Start of Material provided

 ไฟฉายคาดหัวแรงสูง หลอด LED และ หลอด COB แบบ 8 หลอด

End of Material provided
Start of Material provided

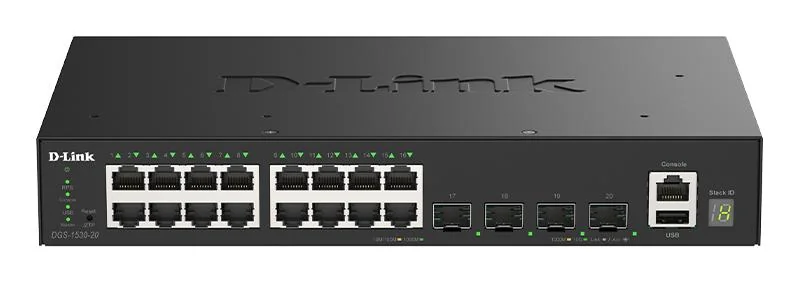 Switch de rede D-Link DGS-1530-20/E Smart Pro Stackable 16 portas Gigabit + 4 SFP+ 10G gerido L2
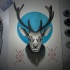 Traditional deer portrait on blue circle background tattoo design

End of Material provided
Start of Material provided

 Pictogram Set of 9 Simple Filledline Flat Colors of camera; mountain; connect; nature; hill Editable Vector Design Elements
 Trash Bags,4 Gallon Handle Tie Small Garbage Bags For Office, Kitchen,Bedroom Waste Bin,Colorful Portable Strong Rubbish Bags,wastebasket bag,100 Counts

End of Material provided

The task:
What are the lines above, starting at the one with "Pictogram Set of" and ending at the one with "Trash Bags,4 Gallon"? Give them again exactly, and only them.

Exercise result:
 Pictogram Set of 9 Simple Filledline Flat Colors of camera; mountain; connect; nature; hill Editable Vector Design Elements
 Trash Bags,4 Gallon Handle Tie Small Garbage Bags For Office, Kitchen,Bedroom Waste Bin,Colorful Portable Strong Rubbish Bags,wastebasket bag,100 Counts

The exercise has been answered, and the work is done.